Task prompt>
Without the pictures, return each record as it appears.

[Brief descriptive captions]
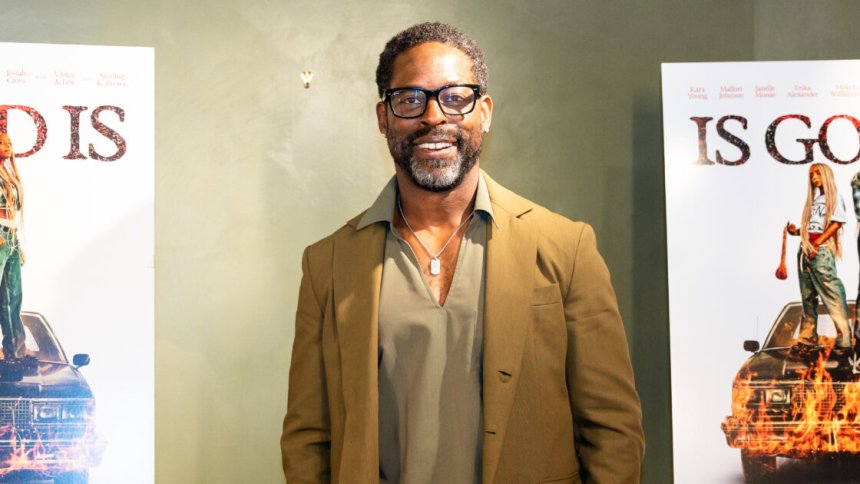 Sterling K. Brown just took the darkest role of his career with and fans won’t see him the same way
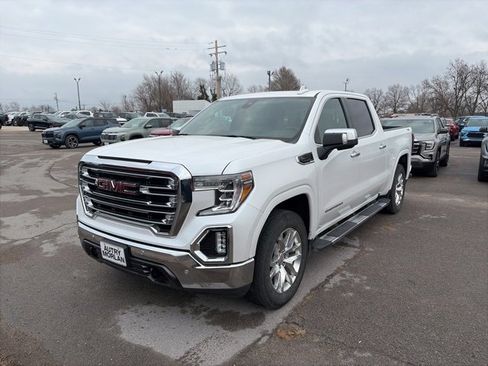 Used 2020 GMC Sierra 1500 SLT w/ SLT Premium Plus Package image 2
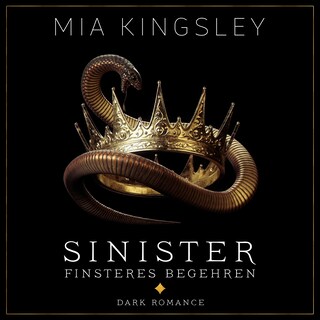 Sinister bookCoverFor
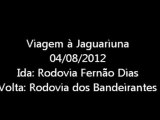 Bull Dogs in Road - Jaguariuna - 04/08/2012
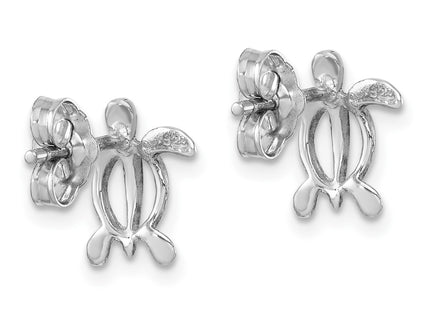 Sterling Silver Earrings Style LE - Classique Jewelry Inc.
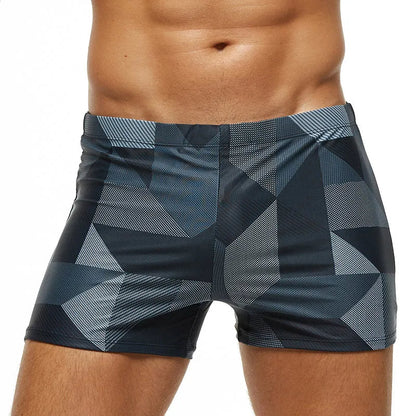 Zwemshort JesseComfortabele Heren Zwemkleding Trendy Design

Result for this exercise>
 Sterling K. Brown just took the darkest role of his career with and fans won’t see him the same way
 Used 2020 GMC Sierra 1500 SLT w/ SLT Premium Plus Package image 2
 Sinister bookCoverFor
 Bull Dogs in Road - Jaguariuna - 04/08/2012
 Sterling Silver Earrings Style LE - Classique Jewelry Inc.
 Zwemshort JesseComfortabele Heren Zwemkleding Trendy Design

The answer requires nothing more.